• _YOUR TASK_
With the images removed, repeat the data below exactly.

• _DATA_

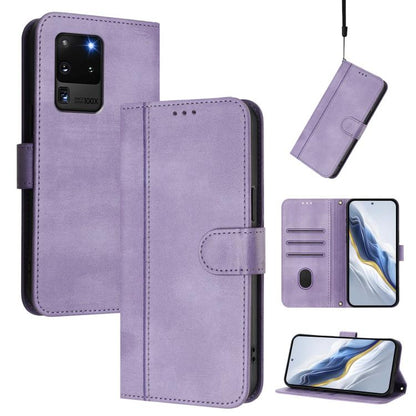 Line Splicing Buckle Retro Leather Phone Case, For Samsung Galaxy S21 5G, For Samsung Galaxy S21+ 5G, For Samsung Galaxy S21 Ultra 5G, For Samsung Galaxy S20 Ultra, For Samsung Galaxy S20, For Samsung Galaxy S20+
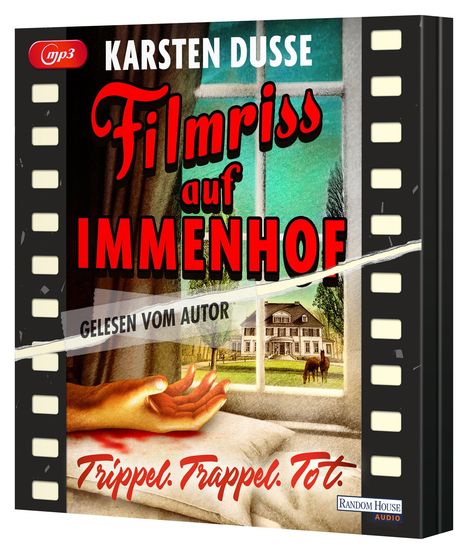 "Filmriss auf Immenhof" in großen, roten Buchstaben. Darunter "Trippel. Trappel. Tot." und "Gelesen vom Autor". Im Hintergrund ein Herrenhaus, Pferde und ein Fenster.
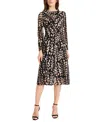 Maggy London Print Long Sleeve A-line Dress In Multi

• _RESPONSE BOX_
 Line Splicing Buckle Retro Leather Phone Case, For Samsung Galaxy S21 5G, For Samsung Galaxy S21+ 5G, For Samsung Galaxy S21 Ultra 5G, For Samsung Galaxy S20 Ultra, For Samsung Galaxy S20, For Samsung Galaxy S20+
 "Filmriss auf Immenhof" in großen, roten Buchstaben. Darunter "Trippel. Trappel. Tot." und "Gelesen vom Autor". Im Hintergrund ein Herrenhaus, Pferde und ein Fenster.
 Maggy London Print Long Sleeve A-line Dress In Multi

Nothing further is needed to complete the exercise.